F. Lost Array
time limit per test
1 second
memory limit per test
256 megabytes
input
standard input
output
standard output
My orzlers, we can optimize this problem from $$$O(S^3)$$$ to $$$O\left(T^\frac{5}{9}\right)$$$!
— Spyofgame, founder of Orzlim religion

A long time ago, Spyofgame invented the famous array $$$a$$$ ($$$1$$$-indexed) of length $$$n$$$ that contains information about the world and life. After that, he decided to convert it into the matrix $$$b$$$ ($$$0$$$-indexed) of size $$$(n + 1) \times (n + 1)$$$ which contains information about the world, life and beyond.

Spyofgame converted $$$a$$$ into $$$b$$$ with the following rules.

  • $$$b_{i,0} = 0$$$ if $$$0 \leq i \leq n$$$;
  • $$$b_{0,i} = a_{i}$$$ if $$$1 \leq i \leq n$$$;
  • $$$b_{i,j} = b_{i,j-1} \oplus b_{i-1,j}$$$ if $$$1 \leq i, j \leq n$$$.

Here $$$\oplus$$$ denotes the bitwise XOR operation.

Today, archaeologists have discovered the famous matrix $$$b$$$. However, many elements of the matrix has been lost. They only know the values of $$$b_{i,n}$$$ for $$$1 \leq i \leq n$$$ (note that these are some elements of the last column, not the last row).

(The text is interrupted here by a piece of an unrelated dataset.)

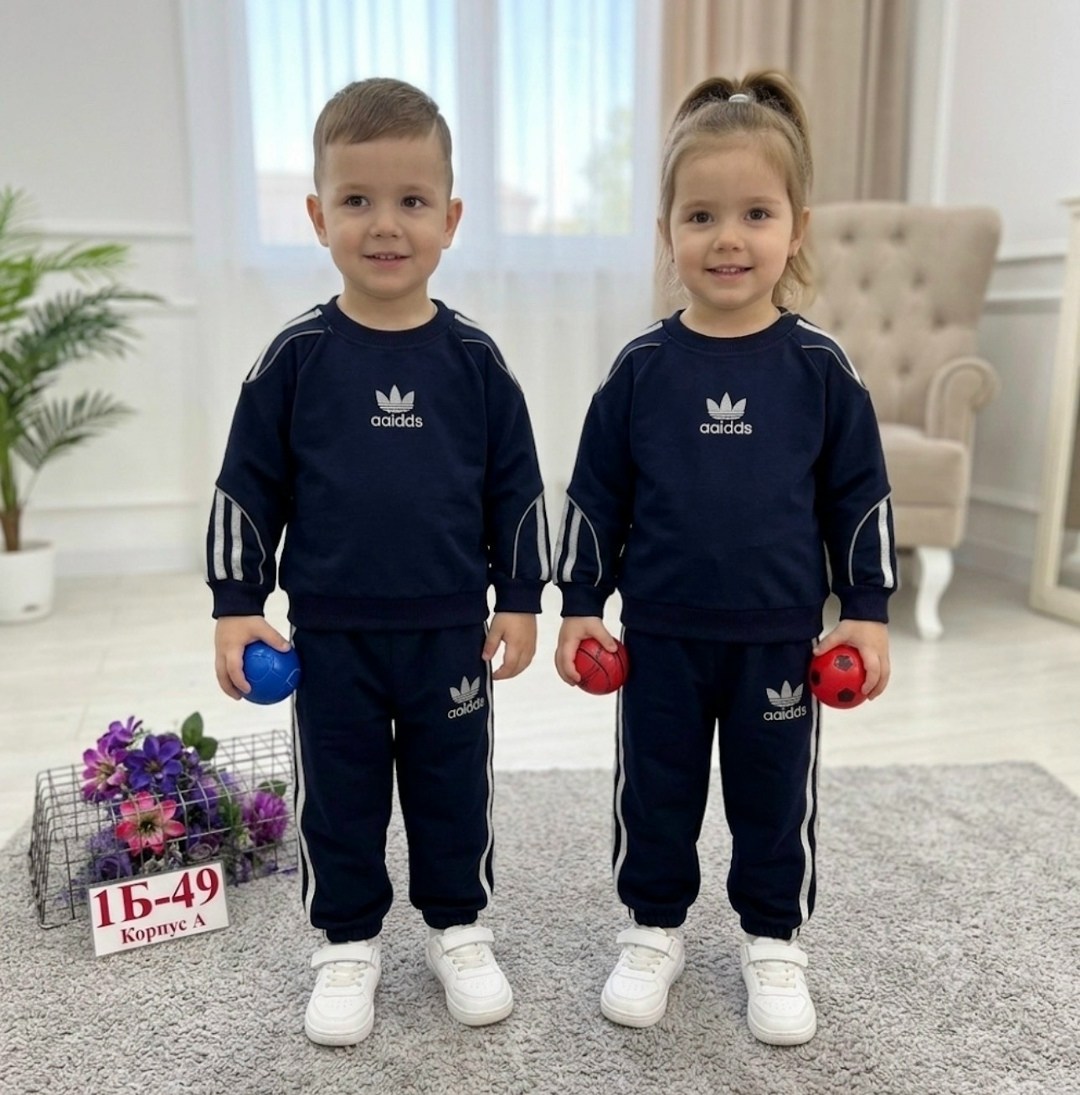 костюм детский,детский спортивный костюм adidas,костюм на флисе,детские костюмы,cпортивный костюм для мальчика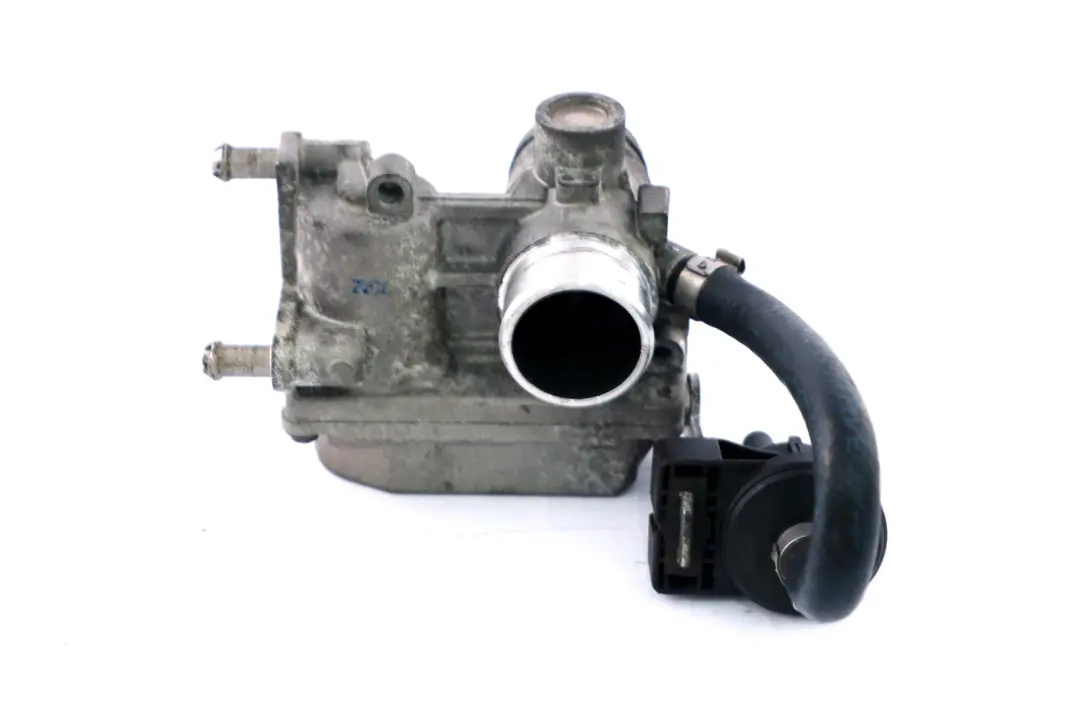 Leerlaufsteller Leerlaufstellerleitung für BMW 3 er E90 E91 E92 LCI mit Teilenummer 4793733 BMW 3 er E90 E91 E92 LCI Leerlaufsteller Leerlaufstellerleitung - SKU 4793733 - Teilenummer 4793733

The archaeologists want to know what a possible array of $$$a$$$ is. Can you help them reconstruct any array that could be $$$a$$$?

Input

The first line contains a single integer $$$n$$$ ($$$1 \leq n \leq 5 \cdot 10^5$$$).

The second line contains $$$n$$$ integers $$$b_{1,n}, b_{2,n}, \ldots, b_{n,n}$$$ ($$$0 \leq b_{i,n} < 2^{30}$$$).

Output

If some array $$$a$$$ is consistent with the information, print a line containing $$$n$$$ integers $$$a_1, a_2, \ldots, a_n$$$. If there are multiple solutions, output any.

If such an array does not exist, output $$$-1$$$ instead.

Examples
Input
3
0 2 1
Output
1 2 3 
Input
1
199633
Output
199633 
Input
10
346484077 532933626 858787727 369947090 299437981 416813461 865836801 141384800 157794568 691345607
Output
725081944 922153789 481174947 427448285 516570428 509717938 855104873 280317429 281091129 1050390365 
Note

If we let $$$a = [1,2,3]$$$, then $$$b$$$ will be:

$$$\bf{0}$$$$$$\bf{1}$$$$$$\bf{2}$$$$$$\bf{3}$$$
$$$\bf{0}$$$$$$1$$$$$$3$$$$$$0$$$
$$$\bf{0}$$$$$$1$$$$$$2$$$$$$2$$$
$$$\bf{0}$$$$$$1$$$$$$3$$$$$$1$$$

The values of $$$b_{1,n}, b_{2,n}, \ldots, b_{n,n}$$$ generated are $$$[0,2,1]$$$ which is consistent with what the archaeologists have discovered.